Discussion:
[Numpy-discussion] caching large allocations on gnu/linux
Julian Taylor
2017-03-13 11:21:24 UTC
Permalink
Hi,
As numpy often allocates large arrays and one factor in its performance
is faulting memory from the kernel to the process. This has some cost
that is relatively significant. For example in this operation on large
arrays it accounts for 10-15% of the runtime:

import numpy as np
a = np.ones(10000000)
b = np.ones(10000000)

%timeit (a * b)**2 + 3

54.45% ipython umath.so [.] sse2_binary_multiply_DOUBLE
20.43% ipython umath.so [.] DOUBLE_add
16.66% ipython [kernel.kallsyms] [k] clear_page

The reason for this is that the glibc memory allocator uses memory
mapping for large allocations instead of reusing already faulted memory.
The reason for this is to return memory back to the system immediately
when it is free to keep the whole system more robust.
This makes a lot of sense in general but not so much for many numerical
applications that often are the only thing running.
But despite if have been shown in an old paper that caching memory in
numpy speeds up many applications, numpys usage is diverse so we
couldn't really diverge from the glibc behaviour.
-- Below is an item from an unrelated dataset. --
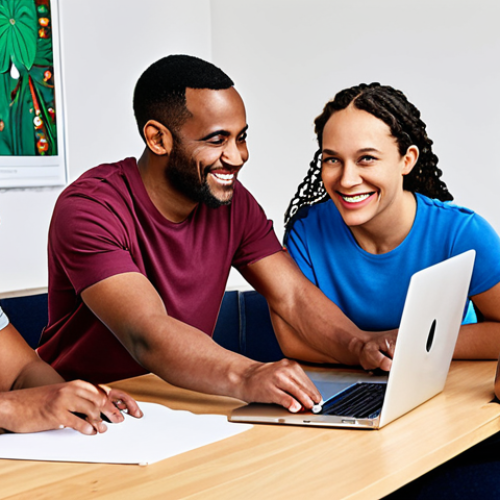 ** A diverse group of people collaborating on a community project, smiling and engaged. Emphasize inclusivity and teamwork, with laptops and brainstorming materials visible. (Keywords: community, collaboration, diverse, teamwork, digital, meeting)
Until Linux 4.5 added support for madvise(MADV_FREE). This flag of the
madvise syscall tells the kernel that a piece of memory can be reused by
other processes if there is memory pressure. Should another process
claim the memory and the original process want to use it again the
kernel will fault new memory into its place so it behaves exactly as if
it was just freed regularly.
But when no other process claims the memory and the original process
wants to reuse it, the memory do not need to be faulted again.

So effectively this flag allows us to cache memory inside numpy that can
be reused by the rest of the system if required.
Doing gives the expected speedup in the above example.

An issue is that the memory usage of numpy applications will seem to
increase. The memory that is actually free will still show up in the
usual places you look at memory usage. Namely the resident memory usage
of the process in top, /proc etc. The usage will only go down when the
memory is actually needed by other processes.
This probably would break some of the memory profiling tools so probably
we need a switch to disable the caching for the profiling tools to use.
Another concern is that using this functionality is actually the job of
the system memory allocator but I had a look at glibcs allocator and it
does not look like an easy job to make good use of MADV_FREE
retroactively, so I don't expect this to happen anytime soon.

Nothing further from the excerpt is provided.